Demand for crude oil remains healthy, and prices could stage a modest recovery as global refineries resume production after seasonal maintenance in order to prepare for rising winter demand, Morgan Stanley said in a report.

In a webcast Monday, Morgan Stanley energy economist Adam Longson said there is little likelihood of a severe price drop like the one seen during the 2008-09 recession that took oil down to below $40 a barrel. It is speculators – rather than weakening market fundamentals – that are largely responsible for the most recent slump in crude prices, he said.

"The large downward move in oil over the past two weeks was mostly speculative, in our view," the New York-based analyst said.

"While the market remains oversupplied and lower OPEC [Organization of Petroleum Exporting Countries] production should be required, we see few signs of new deterioration in fundamentals."

In trading Monday, West Texas Intermediate – the trendsetting North America crude – crude was about steady at nearly $83 (U.S.) a barrel, while North Sea Brent fell 76 cents to finish at $85.40 a barrel.

Global oil prices have been falling since June, when they peaked on geopolitical concerns in Russia, the Middle East and North Africa. But that slump turned into a rout in September, as investors turned fundamentally bearish and began loading up on short positions, which are essentially bets that prices will fall further.

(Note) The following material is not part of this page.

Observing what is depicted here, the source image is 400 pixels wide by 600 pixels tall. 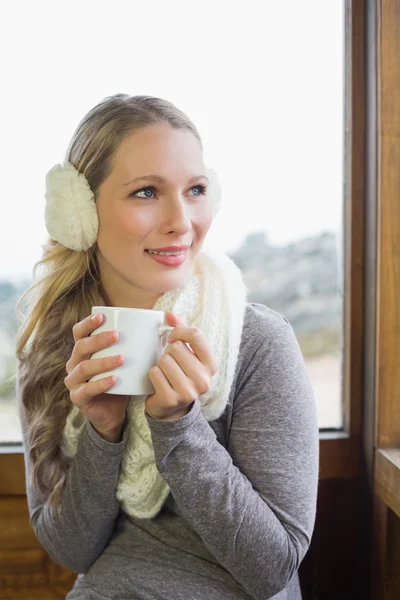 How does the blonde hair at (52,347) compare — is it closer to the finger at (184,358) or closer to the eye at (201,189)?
the eye at (201,189)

Mr. Longson said that, in some markets, short positions by money managers have soared to their highest level ever, leaving the market vulnerable to an exaggerated run-up – or a "short squeeze rally" – if prices turn higher and the short sellers have to cover their positions.

In arguing that the oil markets have oversold, Mr. Longson echoed Goldman Sachs economist Jeff Currie, who sent out a note on Friday suggesting there was no real supply glut – only the expectations of one.

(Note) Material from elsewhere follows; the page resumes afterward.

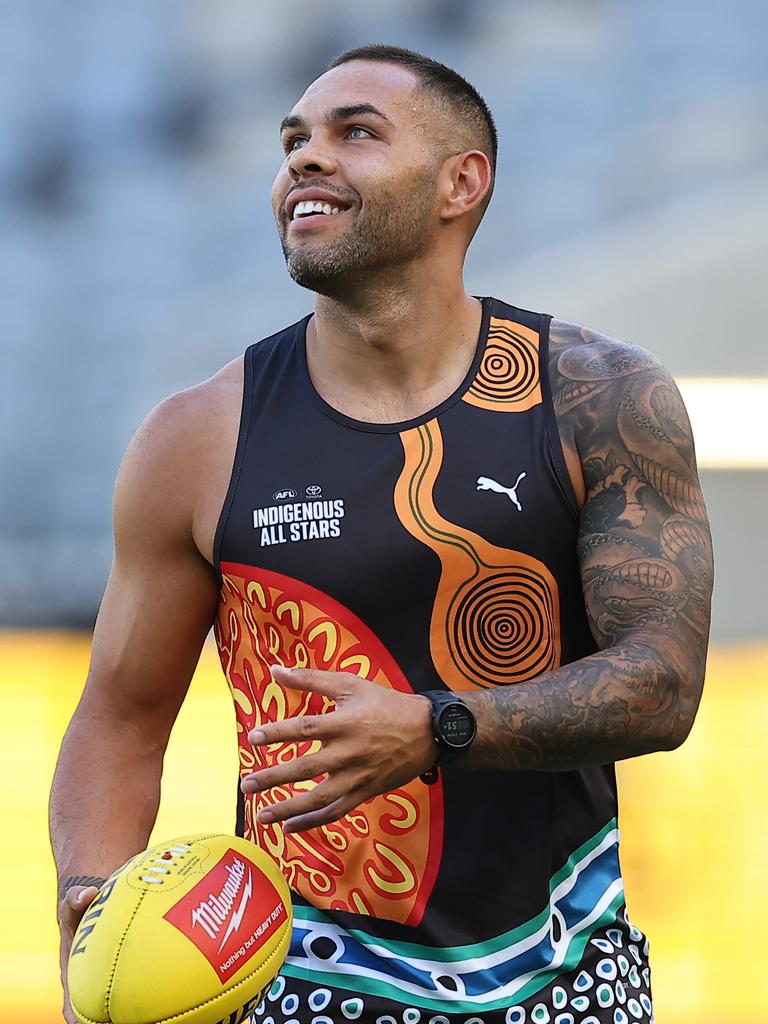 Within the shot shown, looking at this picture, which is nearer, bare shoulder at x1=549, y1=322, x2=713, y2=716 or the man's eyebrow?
bare shoulder at x1=549, y1=322, x2=713, y2=716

Mr. Longson acknowledged that traders remain edgy and will be looking for signs from OPEC that it is prepared to cut production at its meeting in late November. But the Morgan Stanley economist said stronger-than-anticipated demand may be enough to keep prices at current levels, even if Saudi Arabia and other OPEC leaders stand pat on production in November.

So far, the Saudis have not indicated a willingness to cut production and may be waiting to see whether rising demand is enough to support prices at these levels.

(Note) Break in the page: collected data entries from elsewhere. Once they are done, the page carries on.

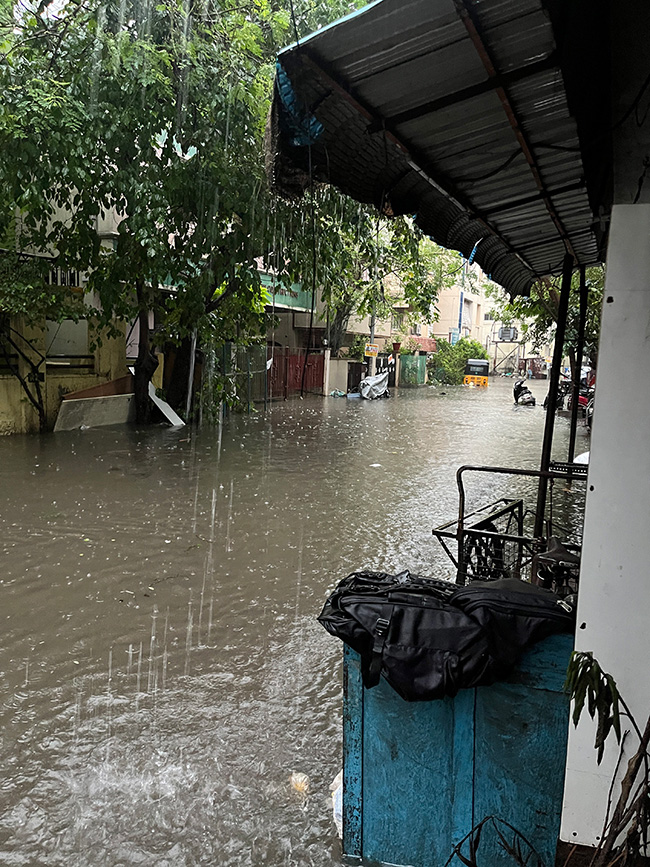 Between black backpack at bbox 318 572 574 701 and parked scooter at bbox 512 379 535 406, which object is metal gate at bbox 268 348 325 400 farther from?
black backpack at bbox 318 572 574 701

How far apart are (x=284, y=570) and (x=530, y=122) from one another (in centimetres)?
447

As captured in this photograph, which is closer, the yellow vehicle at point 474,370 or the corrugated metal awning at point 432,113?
the corrugated metal awning at point 432,113

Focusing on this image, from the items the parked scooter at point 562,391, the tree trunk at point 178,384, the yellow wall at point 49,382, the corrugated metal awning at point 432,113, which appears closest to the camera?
the corrugated metal awning at point 432,113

"Demand will get better from October to December – you can see some pretty big increases in terms of crude runs," the Morgan Stanley economist said.

Typically, the International Energy Agency looks at petroleum products markets as the key benchmark for crude, but the economist said the two markets have decoupled for a variety of reasons, and the demand for crude is actually running a head of overall demand for petroleum products.

If the Saudis are looking to squeeze some high-priced producers out the market – as some analysts contend – prices will likely have to go a lot lower, though some companies may cut back on new investments at these levels. Mr. Longson said U.S. tight oil producers typically have costs well below $80 a barrel, and have reasons to keep producers even when profits get squeezed.

Indeed, U.S.-based oil services company Halliburton Co. said Monday it has seen no sign that the price swoon of the past few months has had an impact on drilling intentions in North America.

"We believe industry fundamentals suggest that these lower prices are not sustainable," chief executive Dave Lesar said on a conference call.

Halliburton's comments echo those of rivals Schlumberger Ltd. and Baker Hughes Inc. Market leader Schlumberger said it expected increased oil and gas spending in 2015 due to a rise in global demand, while Baker Hughes said clients would rethink projects only if oil fell to and remained at $75 for a few months.